= Exercise data =

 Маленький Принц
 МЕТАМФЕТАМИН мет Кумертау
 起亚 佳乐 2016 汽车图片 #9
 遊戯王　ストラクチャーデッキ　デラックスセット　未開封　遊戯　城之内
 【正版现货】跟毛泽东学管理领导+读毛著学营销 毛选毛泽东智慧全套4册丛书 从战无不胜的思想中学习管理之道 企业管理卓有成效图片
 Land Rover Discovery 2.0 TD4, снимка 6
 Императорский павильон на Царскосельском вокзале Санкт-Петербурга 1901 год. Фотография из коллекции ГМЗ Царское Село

= Your assignment =
So that no detail is lost, give every line of the data again exactly.

= Completed exercise =
 Маленький Принц
 МЕТАМФЕТАМИН мет Кумертау
 起亚 佳乐 2016 汽车图片 #9
 遊戯王　ストラクチャーデッキ　デラックスセット　未開封　遊戯　城之内
 【正版现货】跟毛泽东学管理领导+读毛著学营销 毛选毛泽东智慧全套4册丛书 从战无不胜的思想中学习管理之道 企业管理卓有成效图片
 Land Rover Discovery 2.0 TD4, снимка 6
 Императорский павильон на Царскосельском вокзале Санкт-Петербурга 1901 год. Фотография из коллекции ГМЗ Царское Село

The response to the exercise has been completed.